We are using a PCDuino sourced from SparkFun. Delivery is usually within 5 days.

Based on withholding amounts, I believe you should be able to order one now, develop your code off the robot, and bring it to the first practice day of your first comp. and install it there. That would buy you at least an extra week or so, at minimum. Please check me on the rules here, I don't want to mislead anyone.

JM96PWNS 30-01-2014 22:01

Re: 7mb/s, Will it be an Issue?
 
Quote:

Originally Posted by apalrd (Post 1334711)
The issue is 802.11 WiFi, gigabit would not change anything there. They are already running 802.11N and cannot use more than 1 channel due to the number of fields running at the Championship.

If you honestly need more than 7 mb/s you are doing something wrong.

Nah

techhelpbb 31-01-2014 17:13

Re: 7mb/s, Will it be an Issue?
 
Quote:

Originally Posted by apalrd (Post 1334711)
The issue is 802.11 WiFi, gigabit would not change anything there. They are already running 802.11N and cannot use more than 1 channel due to the number of fields running at the Championship.

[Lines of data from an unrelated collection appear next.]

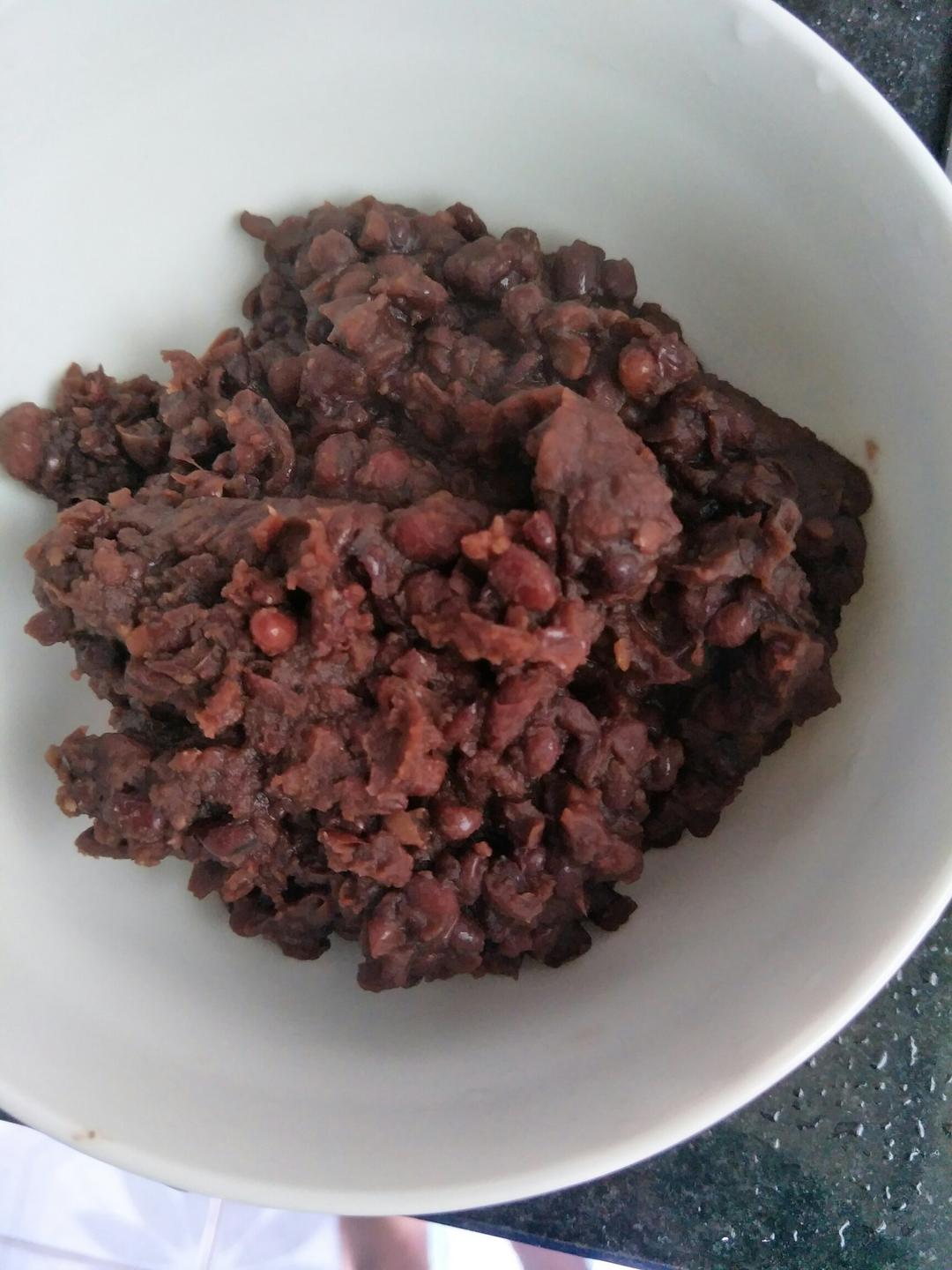 快手红豆馅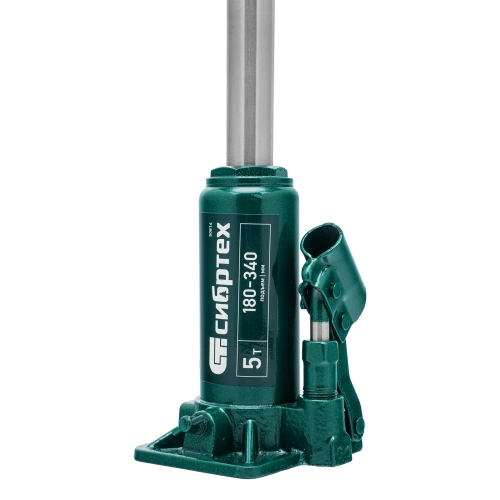 Домкрат гидравлический бутылочный, 5 т, 180-340 мм, в пласт. кейсе Сибртех по ценам производителя в Уфе с доставкой по всей России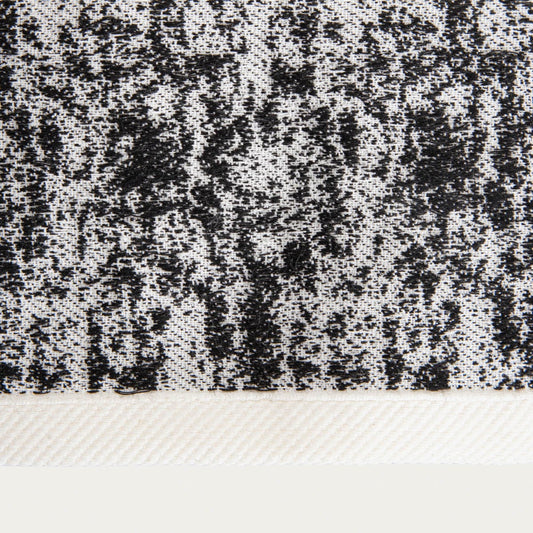 VIOLA Black and White Cotton Towel 70x130 cm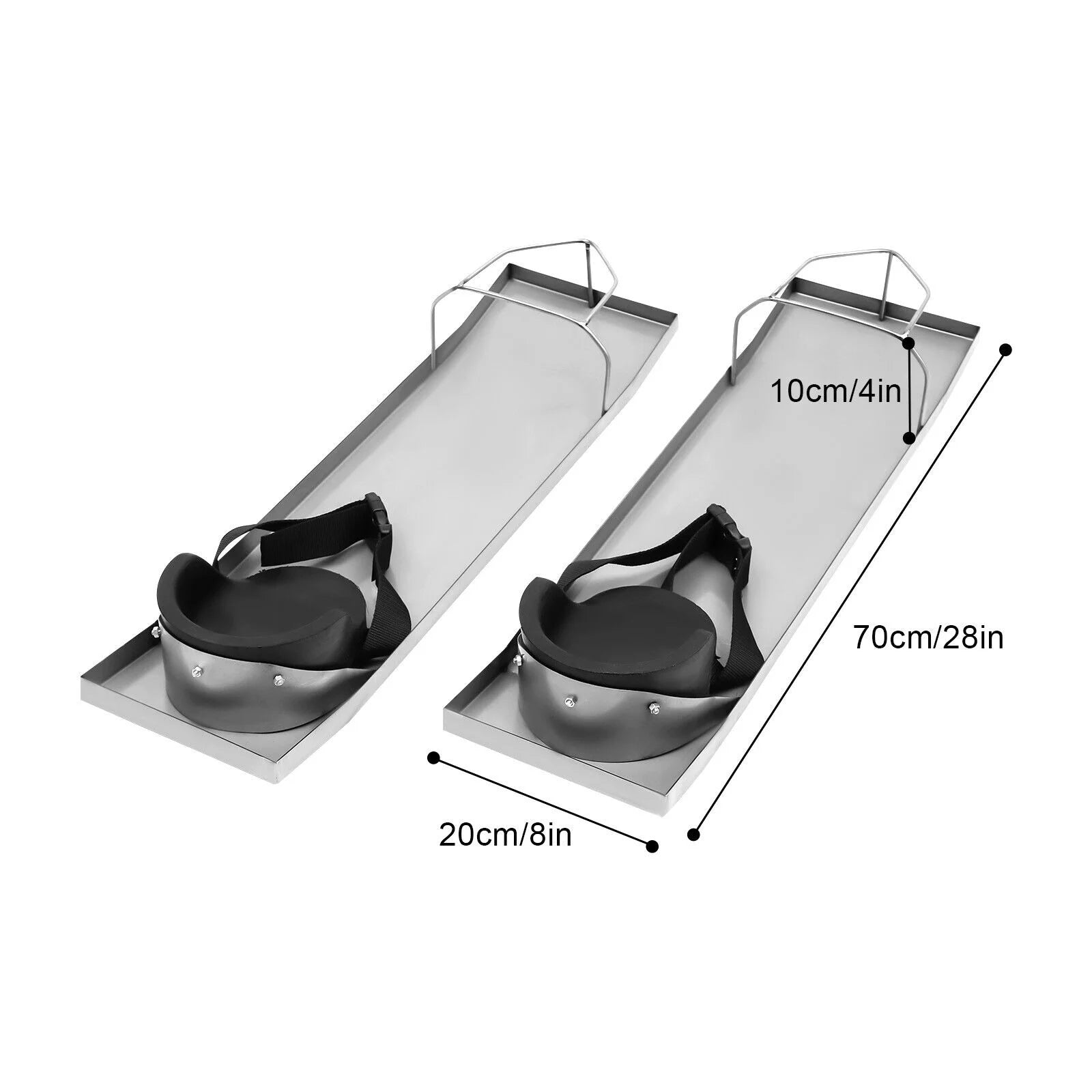 Concrete Knee Boards 28" x 8" with Fixing Strap & Toe Bracket A217750
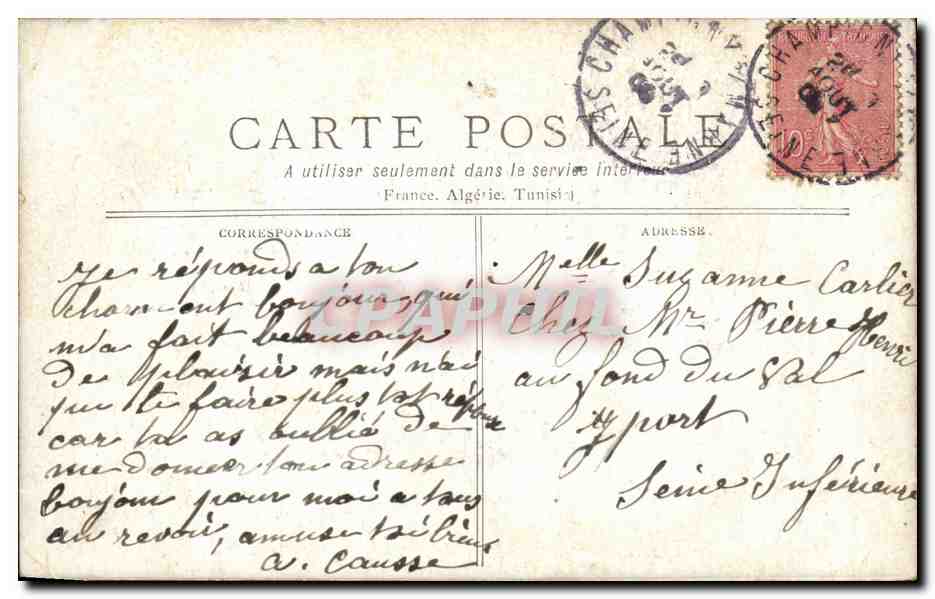 Paris CPA Un coin du Luxembourg — Rückseite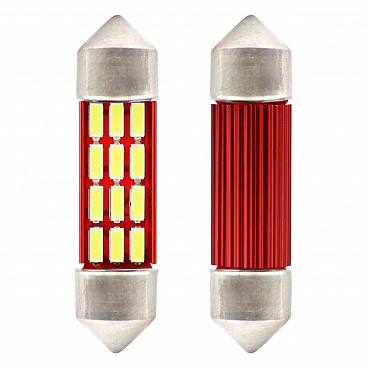 Žárovky sulfit VERTEX CANBUS 12 SMD 4014 Festoon 39mm White 12V/24V II Žárovky sulfit VERTEX CANBUS 12 SMD 4014 Festoon 39mm White 12V/24V II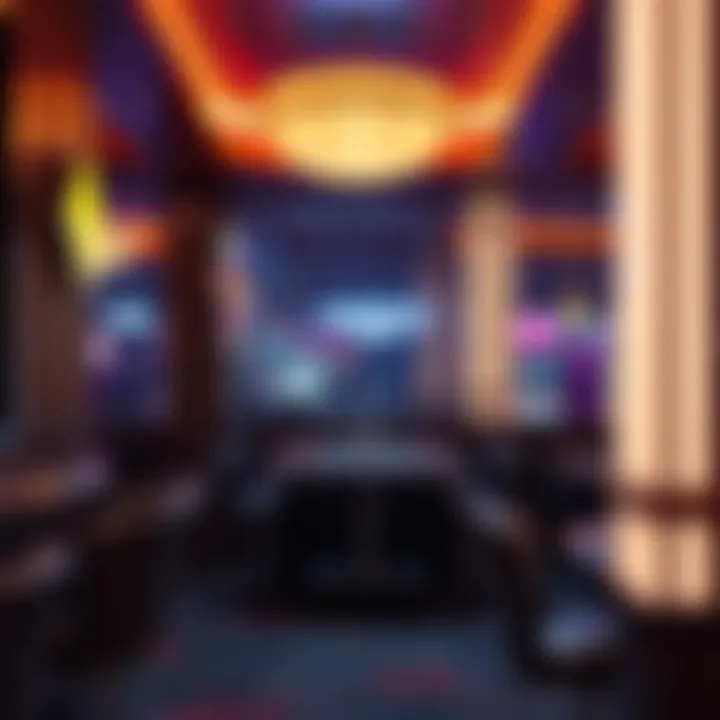 Dedicated smoking area within a casino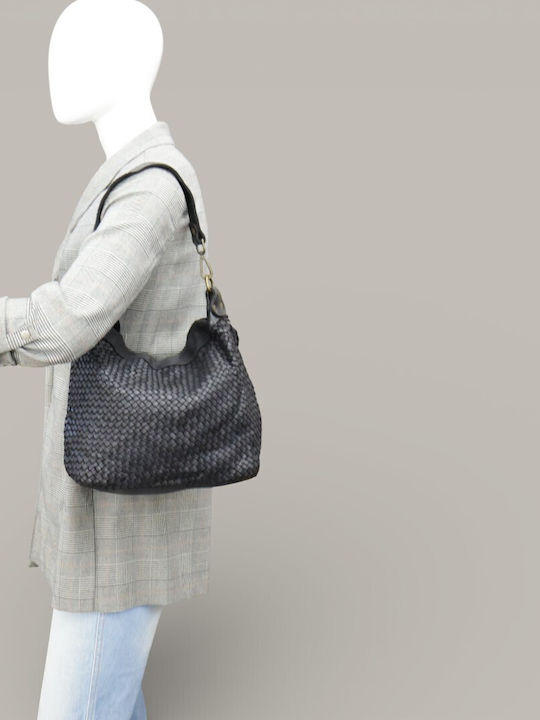 Leather Women's Shoulder Crossbody Bag Taupe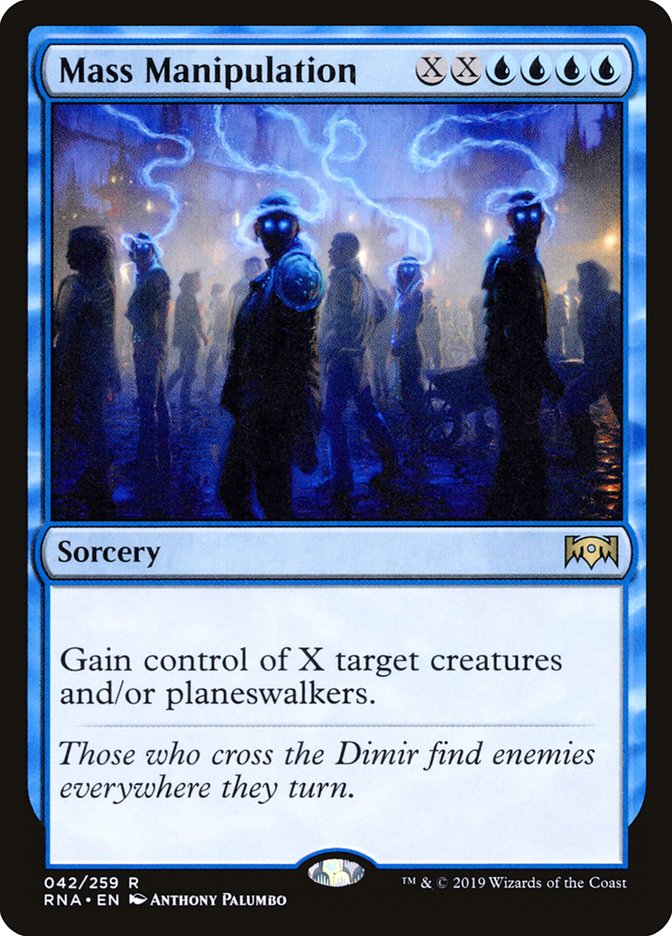 Mass Manipulation [Ravnica Allegiance] Foil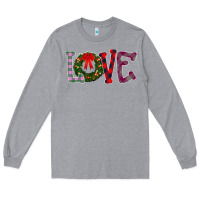 Heather Grey Love Christmas Long Sleeve Tee - Bettercallsaul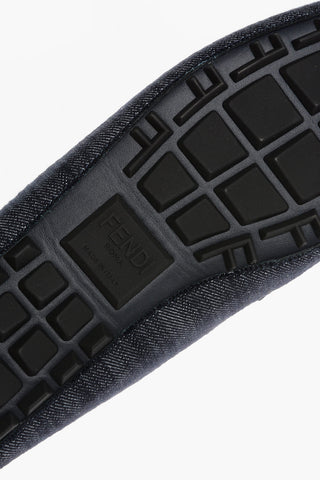 Embroidered Monogram loafers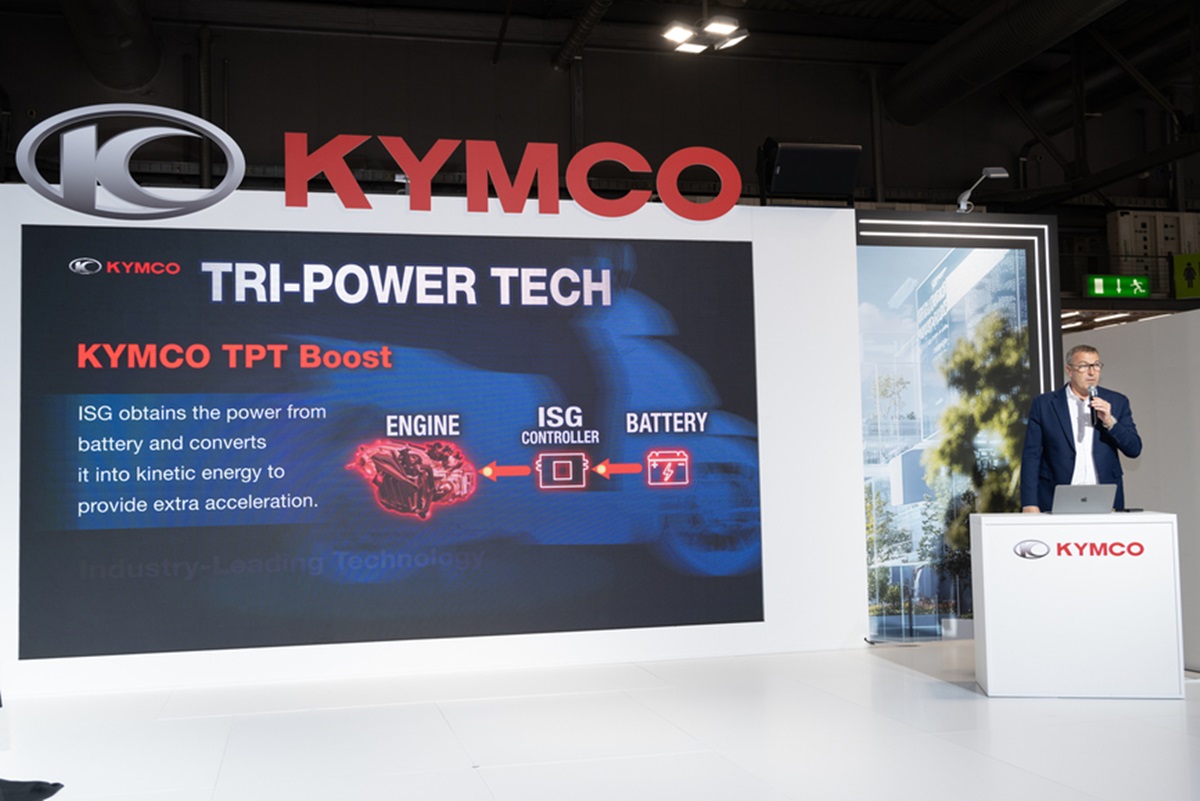 西班牙 KYMCO 加入了带有“Calculo y Reduzco”官方印章的中小企业小团体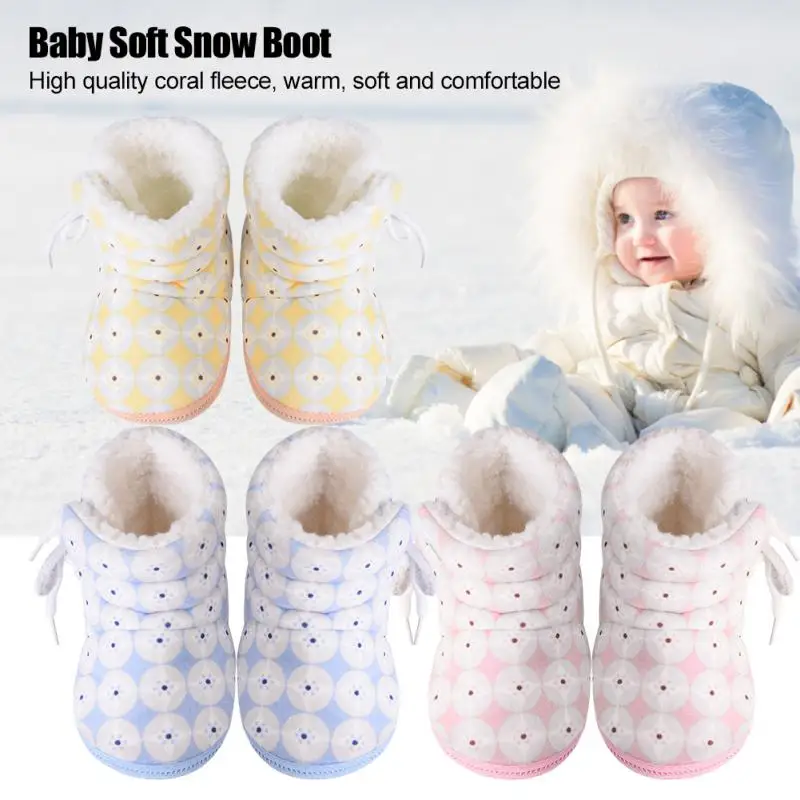 

Baby Infant Soft Boot Cute Coral Fleece Winter Snow Boots First Walkers Grils Boy Newborn Toddler Winter Prewalker Warm Shoes
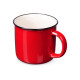Кружка с каймой Countryside M, красный 410ml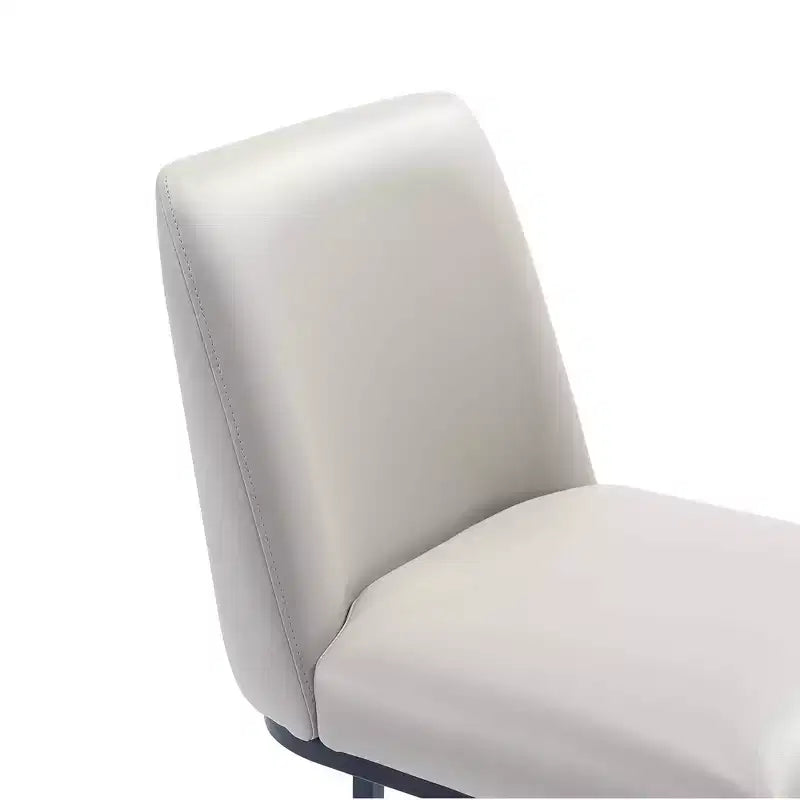 Manhattan Comfort Serena Leatherette Upholstered Metal Barstool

If you honestly need more than 7 mb/s you are doing something wrong.

If you watched this was not entirely true. See channel bonding.
It was originally off last year and then turned back on later in the season.
The thought was it impacted the 'christmas tree' issue with the robots before the matches.

It was single channel in Mount Olive, NJ but later matches at other events were allowed to bond.

BBray_T1296 31-01-2014 17:30

Re: 7mb/s, Will it be an Issue?
 
Quote:

Originally Posted by yash101 (Post 1334717)
I think it, s time for the umblicals again, this time for LAN :D

Or the overhead mesh used to power bumper cars! (transmitting data would be tricky though)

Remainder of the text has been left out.